Sattelmayer and his team keep Enlivant’s approach from becoming stale by trying new things whenever possible. “While you do have to follow some procedures in senior housing to provide a safe environment and nutritious food, you don’t have to standardize everything,” he says. “We experiment with different things—foods and activities, for example—to see how the seniors respond. Not everything works, but we figure you’re never too old to try something new.”
Sattelmayer’s responsibilities at Enlivant include overseeing maintenance, housekeeping, procurement, and food service for the company’s communities across the country. “We get a lot of feedback from the residents, the executive directors, our marketing people,” he says. “We’re constantly soliciting input. During staff meetings, we share solutions to problems and learn from each other. If one person describes a solution that worked, others often realize that the same solution could work for them, too.”
In carrying out his procurement duties, Sattelmayer treats his vendors as partners. “By doing that, I get better vendor relationships and better pricing, which is better for our seniors,” he says. As an example, he cites the work his vendors did after a bad fire damaged Enlivant’s facility in Canby, Indiana. “Belfor, our restoration company, did a great job cleaning up the site, Branch Construction did the renovations, Indiana Carpet One Floor & Home handled the flooring, and Direct Supply did the interior design,” he says. “They made it very special for the returning residents.
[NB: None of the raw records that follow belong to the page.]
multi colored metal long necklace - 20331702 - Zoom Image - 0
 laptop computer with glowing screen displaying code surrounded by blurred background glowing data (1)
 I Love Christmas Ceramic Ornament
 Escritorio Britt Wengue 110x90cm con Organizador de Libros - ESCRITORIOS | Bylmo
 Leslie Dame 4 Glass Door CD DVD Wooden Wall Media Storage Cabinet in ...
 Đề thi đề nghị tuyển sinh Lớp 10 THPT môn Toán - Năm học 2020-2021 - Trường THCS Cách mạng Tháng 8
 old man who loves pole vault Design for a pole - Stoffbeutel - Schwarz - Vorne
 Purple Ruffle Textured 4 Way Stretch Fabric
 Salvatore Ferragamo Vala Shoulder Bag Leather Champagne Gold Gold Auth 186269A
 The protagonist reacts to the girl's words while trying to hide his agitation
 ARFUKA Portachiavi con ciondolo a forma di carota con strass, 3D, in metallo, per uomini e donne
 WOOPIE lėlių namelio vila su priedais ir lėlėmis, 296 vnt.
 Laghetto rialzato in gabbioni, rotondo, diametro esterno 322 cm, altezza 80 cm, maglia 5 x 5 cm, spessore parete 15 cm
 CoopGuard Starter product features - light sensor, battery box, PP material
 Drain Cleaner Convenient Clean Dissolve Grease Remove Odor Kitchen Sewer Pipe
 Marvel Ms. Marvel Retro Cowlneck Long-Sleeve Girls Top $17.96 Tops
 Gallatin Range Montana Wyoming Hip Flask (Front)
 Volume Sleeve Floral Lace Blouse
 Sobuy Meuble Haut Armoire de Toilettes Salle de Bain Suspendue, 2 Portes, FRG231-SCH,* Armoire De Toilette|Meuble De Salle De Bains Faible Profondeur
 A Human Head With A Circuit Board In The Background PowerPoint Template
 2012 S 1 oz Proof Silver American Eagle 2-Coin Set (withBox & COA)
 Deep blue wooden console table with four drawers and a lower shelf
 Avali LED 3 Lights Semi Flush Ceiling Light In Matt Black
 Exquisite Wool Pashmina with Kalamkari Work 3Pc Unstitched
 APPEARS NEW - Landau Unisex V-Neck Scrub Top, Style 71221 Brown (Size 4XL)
From start to finish, our partner vendors had the facility ready for the residents to return to in just three months!”
Sattelmayer attributes much of Enlivant’s success to its employees. Staff members who demonstrate the company’s core values—compassion, excellence, humility, fun, and integrity—receive “missions,” “visions,” and “values” cards that thank and encourage them to continue their good work. “We’ve done a great job of hiring the right people for the right positions and giving them the tools they need to manage their responsibilities,” Sattelmayer says. “None of this excellent work could be accomplished without the dedicated team members who work directly with our residents.”
As part of his job, Sattelmayer travels to the company’s many facilities around the country, and he stresses the importance of face-to-face communication with residents and says it’s a reward to see their smiles. On a recent trip to one facility, he came across a group of seniors who were still awake and engaging in a new tradition at an unusual hour. “They had formed their own little singing group that gets together every night,” Sattelmayer says. “Seeing that made me happy.”